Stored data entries
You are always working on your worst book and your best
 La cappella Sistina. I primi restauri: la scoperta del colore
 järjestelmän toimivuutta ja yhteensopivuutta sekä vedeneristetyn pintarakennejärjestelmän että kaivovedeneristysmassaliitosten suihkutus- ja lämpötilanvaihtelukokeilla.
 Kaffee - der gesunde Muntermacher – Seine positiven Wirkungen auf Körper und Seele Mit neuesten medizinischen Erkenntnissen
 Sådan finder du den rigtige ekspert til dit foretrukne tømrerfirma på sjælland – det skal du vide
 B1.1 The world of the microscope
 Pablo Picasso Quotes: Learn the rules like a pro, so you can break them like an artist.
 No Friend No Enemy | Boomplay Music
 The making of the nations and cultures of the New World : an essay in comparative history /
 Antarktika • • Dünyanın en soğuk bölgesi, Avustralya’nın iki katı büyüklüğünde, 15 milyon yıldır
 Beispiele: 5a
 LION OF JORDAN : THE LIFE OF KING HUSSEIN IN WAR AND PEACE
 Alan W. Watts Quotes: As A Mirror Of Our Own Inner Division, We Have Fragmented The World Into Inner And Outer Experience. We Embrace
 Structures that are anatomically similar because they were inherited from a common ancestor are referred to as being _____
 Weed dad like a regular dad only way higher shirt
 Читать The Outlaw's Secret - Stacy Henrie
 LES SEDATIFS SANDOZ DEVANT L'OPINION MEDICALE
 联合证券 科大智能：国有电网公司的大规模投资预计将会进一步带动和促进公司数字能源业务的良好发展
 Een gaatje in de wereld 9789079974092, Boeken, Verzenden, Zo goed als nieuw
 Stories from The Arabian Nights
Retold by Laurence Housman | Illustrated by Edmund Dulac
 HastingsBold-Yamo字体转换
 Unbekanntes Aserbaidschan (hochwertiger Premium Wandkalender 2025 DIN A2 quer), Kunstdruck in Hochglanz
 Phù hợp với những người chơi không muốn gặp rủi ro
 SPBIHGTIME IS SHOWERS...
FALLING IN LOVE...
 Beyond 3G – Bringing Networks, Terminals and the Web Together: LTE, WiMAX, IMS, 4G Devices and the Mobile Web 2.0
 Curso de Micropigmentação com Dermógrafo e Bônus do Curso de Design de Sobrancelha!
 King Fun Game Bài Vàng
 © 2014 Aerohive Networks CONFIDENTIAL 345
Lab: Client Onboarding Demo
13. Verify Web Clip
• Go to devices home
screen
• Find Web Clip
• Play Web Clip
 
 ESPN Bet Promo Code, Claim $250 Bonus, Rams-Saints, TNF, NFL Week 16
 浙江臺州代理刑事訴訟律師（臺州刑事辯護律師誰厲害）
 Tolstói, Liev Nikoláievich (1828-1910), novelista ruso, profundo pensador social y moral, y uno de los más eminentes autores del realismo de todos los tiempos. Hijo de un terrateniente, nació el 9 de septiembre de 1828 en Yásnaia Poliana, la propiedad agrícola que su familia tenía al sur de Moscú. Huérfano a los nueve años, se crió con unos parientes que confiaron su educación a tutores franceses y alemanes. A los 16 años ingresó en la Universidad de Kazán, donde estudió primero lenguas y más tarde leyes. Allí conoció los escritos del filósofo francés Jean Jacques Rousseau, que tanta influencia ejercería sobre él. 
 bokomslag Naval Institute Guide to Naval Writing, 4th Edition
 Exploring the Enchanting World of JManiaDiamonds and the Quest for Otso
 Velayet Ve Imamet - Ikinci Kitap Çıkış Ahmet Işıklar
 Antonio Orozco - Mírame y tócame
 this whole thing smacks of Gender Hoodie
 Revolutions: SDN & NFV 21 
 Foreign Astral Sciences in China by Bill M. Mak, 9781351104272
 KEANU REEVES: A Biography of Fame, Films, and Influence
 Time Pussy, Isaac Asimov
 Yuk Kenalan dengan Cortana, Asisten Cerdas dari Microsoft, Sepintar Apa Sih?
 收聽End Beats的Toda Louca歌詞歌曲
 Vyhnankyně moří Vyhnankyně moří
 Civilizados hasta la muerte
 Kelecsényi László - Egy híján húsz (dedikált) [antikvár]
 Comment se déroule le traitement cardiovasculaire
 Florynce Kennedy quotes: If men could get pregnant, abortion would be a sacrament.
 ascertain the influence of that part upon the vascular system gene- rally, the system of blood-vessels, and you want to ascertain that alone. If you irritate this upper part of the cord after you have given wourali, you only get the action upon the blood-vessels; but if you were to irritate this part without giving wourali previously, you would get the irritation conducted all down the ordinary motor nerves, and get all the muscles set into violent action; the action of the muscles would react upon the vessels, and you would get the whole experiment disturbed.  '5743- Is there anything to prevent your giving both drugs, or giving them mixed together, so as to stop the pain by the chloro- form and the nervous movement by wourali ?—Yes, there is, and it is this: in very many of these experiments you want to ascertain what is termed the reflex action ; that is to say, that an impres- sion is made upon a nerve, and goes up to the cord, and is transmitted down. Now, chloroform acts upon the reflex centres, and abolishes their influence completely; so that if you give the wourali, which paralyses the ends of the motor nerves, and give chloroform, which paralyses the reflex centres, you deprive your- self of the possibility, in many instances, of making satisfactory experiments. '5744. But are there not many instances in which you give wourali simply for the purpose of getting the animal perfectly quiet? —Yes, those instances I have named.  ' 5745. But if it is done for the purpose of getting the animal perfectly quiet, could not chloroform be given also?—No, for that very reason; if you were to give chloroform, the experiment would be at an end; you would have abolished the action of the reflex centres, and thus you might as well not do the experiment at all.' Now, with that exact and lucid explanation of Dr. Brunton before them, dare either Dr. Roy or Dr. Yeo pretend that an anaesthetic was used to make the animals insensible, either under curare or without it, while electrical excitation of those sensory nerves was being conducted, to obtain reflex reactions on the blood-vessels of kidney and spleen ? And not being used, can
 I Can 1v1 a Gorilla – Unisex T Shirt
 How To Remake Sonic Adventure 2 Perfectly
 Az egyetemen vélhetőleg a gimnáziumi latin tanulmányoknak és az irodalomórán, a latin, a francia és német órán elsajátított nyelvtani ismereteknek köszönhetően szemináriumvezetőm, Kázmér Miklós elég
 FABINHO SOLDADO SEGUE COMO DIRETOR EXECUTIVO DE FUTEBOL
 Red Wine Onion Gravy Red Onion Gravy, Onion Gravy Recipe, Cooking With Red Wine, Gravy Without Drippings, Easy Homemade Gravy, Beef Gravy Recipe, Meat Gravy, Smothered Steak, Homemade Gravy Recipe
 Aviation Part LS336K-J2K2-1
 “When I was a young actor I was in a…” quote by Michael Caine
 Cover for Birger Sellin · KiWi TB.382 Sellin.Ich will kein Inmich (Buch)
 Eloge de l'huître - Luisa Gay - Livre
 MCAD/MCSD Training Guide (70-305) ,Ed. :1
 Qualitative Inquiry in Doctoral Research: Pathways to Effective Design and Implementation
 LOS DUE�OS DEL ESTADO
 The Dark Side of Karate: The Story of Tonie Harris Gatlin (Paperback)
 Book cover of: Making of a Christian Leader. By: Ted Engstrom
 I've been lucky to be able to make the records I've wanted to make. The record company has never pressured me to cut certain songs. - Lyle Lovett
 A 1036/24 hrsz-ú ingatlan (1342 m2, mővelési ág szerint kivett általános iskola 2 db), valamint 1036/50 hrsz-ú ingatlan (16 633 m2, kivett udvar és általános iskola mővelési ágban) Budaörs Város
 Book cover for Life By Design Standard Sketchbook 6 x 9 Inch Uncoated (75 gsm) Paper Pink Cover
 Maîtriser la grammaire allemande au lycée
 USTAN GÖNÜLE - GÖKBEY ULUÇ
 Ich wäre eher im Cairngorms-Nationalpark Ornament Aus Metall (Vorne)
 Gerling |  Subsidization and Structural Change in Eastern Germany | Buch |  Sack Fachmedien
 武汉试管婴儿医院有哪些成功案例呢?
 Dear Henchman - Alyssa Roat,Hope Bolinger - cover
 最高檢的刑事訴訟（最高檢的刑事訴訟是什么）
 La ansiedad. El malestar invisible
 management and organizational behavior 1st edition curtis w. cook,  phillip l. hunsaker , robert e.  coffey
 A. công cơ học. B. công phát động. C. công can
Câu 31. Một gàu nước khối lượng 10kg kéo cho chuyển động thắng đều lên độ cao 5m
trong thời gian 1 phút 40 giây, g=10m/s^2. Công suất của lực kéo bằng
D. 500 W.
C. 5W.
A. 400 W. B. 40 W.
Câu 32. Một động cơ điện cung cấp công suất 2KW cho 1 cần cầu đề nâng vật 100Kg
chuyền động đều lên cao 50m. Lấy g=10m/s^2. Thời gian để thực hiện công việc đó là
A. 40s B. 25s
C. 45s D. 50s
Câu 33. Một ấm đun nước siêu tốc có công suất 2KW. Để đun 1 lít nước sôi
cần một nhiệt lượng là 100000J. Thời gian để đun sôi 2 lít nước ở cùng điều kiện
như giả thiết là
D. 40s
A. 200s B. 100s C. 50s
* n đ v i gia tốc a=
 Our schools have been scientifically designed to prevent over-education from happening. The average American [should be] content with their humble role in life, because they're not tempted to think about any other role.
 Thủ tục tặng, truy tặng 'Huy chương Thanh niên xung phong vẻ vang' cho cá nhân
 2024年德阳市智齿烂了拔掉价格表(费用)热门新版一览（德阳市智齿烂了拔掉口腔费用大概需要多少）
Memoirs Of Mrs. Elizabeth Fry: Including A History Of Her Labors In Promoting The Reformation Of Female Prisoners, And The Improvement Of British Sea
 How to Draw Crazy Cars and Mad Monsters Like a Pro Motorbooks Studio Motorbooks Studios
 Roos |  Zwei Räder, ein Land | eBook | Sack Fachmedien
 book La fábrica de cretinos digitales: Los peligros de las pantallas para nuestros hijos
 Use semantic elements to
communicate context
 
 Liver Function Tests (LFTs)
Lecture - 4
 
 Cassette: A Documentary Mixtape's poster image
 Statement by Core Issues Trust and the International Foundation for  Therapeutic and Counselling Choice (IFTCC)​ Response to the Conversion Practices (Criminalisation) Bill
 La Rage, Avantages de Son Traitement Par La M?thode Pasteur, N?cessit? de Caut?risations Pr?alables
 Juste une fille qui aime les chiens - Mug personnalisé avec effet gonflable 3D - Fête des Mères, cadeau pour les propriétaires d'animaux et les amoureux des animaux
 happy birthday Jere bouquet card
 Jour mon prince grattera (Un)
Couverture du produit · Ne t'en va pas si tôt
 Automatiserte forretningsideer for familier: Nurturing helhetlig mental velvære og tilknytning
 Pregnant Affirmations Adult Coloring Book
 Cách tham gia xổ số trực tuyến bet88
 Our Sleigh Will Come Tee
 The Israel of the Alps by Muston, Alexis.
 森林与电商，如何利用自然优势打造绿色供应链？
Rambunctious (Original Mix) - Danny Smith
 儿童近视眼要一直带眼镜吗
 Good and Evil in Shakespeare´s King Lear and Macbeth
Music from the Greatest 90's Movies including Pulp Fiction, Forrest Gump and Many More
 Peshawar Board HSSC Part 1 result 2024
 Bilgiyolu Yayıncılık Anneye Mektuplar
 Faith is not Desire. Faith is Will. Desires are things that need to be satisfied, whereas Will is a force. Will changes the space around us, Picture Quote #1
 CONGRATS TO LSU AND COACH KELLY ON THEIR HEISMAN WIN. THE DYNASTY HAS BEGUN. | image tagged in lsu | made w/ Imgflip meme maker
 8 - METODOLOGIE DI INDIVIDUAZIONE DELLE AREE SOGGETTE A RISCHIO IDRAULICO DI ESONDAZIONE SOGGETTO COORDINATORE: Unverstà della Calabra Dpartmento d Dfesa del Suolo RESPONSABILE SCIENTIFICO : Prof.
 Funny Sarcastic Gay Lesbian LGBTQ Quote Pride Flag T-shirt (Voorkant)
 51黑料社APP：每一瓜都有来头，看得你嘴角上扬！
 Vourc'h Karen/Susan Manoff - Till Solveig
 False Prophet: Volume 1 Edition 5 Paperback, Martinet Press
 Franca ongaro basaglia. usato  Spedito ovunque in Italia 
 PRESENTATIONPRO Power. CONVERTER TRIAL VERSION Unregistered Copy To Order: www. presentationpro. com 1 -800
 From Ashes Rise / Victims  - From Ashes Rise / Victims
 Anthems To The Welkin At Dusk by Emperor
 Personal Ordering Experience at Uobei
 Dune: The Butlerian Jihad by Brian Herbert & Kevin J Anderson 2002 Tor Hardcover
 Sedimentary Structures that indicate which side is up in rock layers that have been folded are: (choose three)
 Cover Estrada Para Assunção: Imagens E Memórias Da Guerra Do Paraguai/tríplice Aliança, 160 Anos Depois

What this task involves = Copy out each line of the records where the word "Structures" appears.

Reply =
 Structures that are anatomically similar because they were inherited from a common ancestor are referred to as being _____
 Sedimentary Structures that indicate which side is up in rock layers that have been folded are: (choose three)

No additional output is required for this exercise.